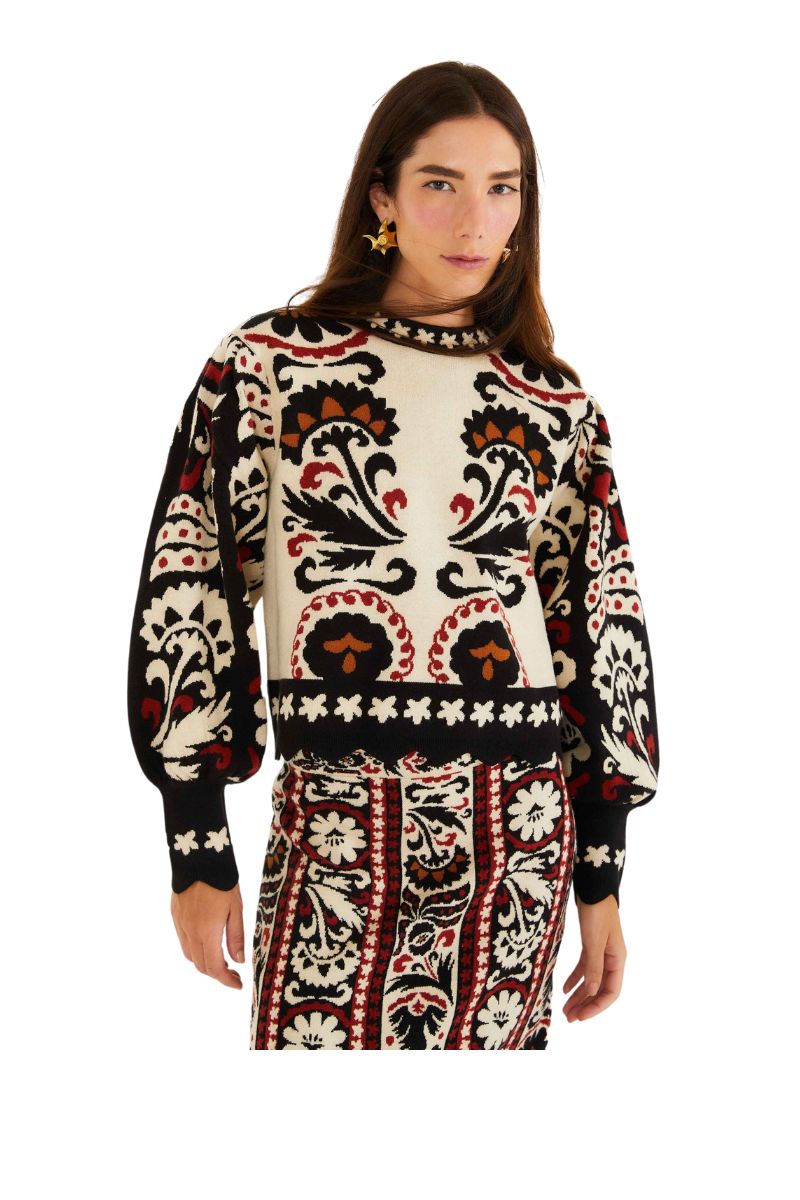 Winter Tapestry Stripes Knit Sweater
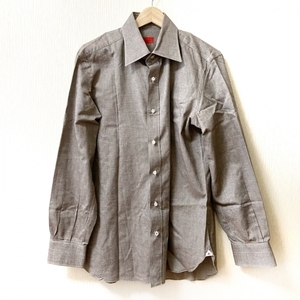 イザイア ISAIA 長袖シャツ サイズ15/3/4 40 - グレーベージュ×レッド メンズ 刺繍 トップス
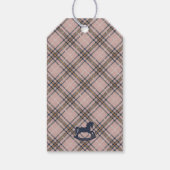 Pink Tartan Plaid Rocking Horse Birthday Favors ギフトタグ (裏面)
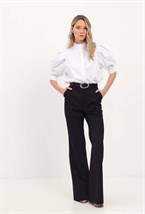 Блуза на стойке с рукавами "фонарик" - фото 126491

━━━━━━━━━━

## WORK REQUIRED
Reproduce, exactly and with no pictures, the lines from the line containing "Pink Tartan Plaid" through the closing line of the data above, keeping both ends.

## THE ANSWER
 Pink Tartan Plaid Rocking Horse Birthday Favors ギフトタグ (裏面)
 Блуза на стойке с рукавами "фонарик" - фото 126491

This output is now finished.